● **Task**: What should be copied is the stretch of entries below from the line with "Imagen de Castillo de Bellver" up to and including the line with "Kraków: w 2022", exactly and without images.

Data to process Block Start

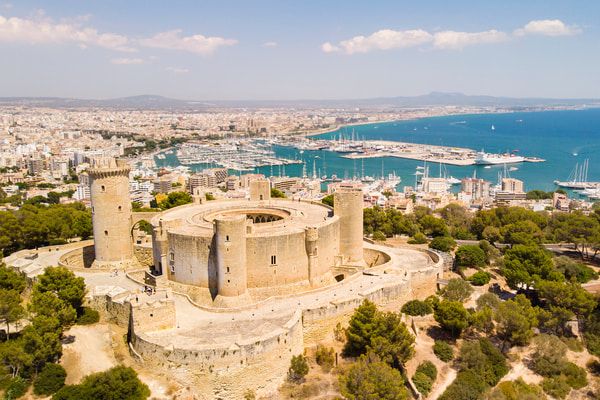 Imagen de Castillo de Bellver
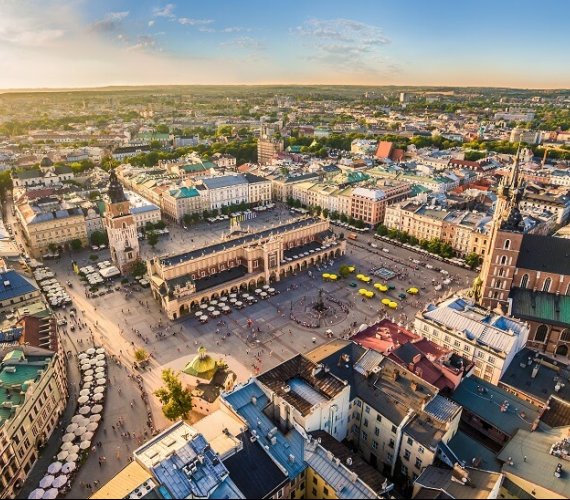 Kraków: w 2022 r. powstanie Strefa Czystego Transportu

Data to process Block End
Data to process Block Start

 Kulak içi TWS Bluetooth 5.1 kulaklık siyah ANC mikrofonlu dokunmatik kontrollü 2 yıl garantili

Data to process Block End

● **Solved problem**:
 Imagen de Castillo de Bellver
 Kraków: w 2022 r. powstanie Strefa Czystego Transportu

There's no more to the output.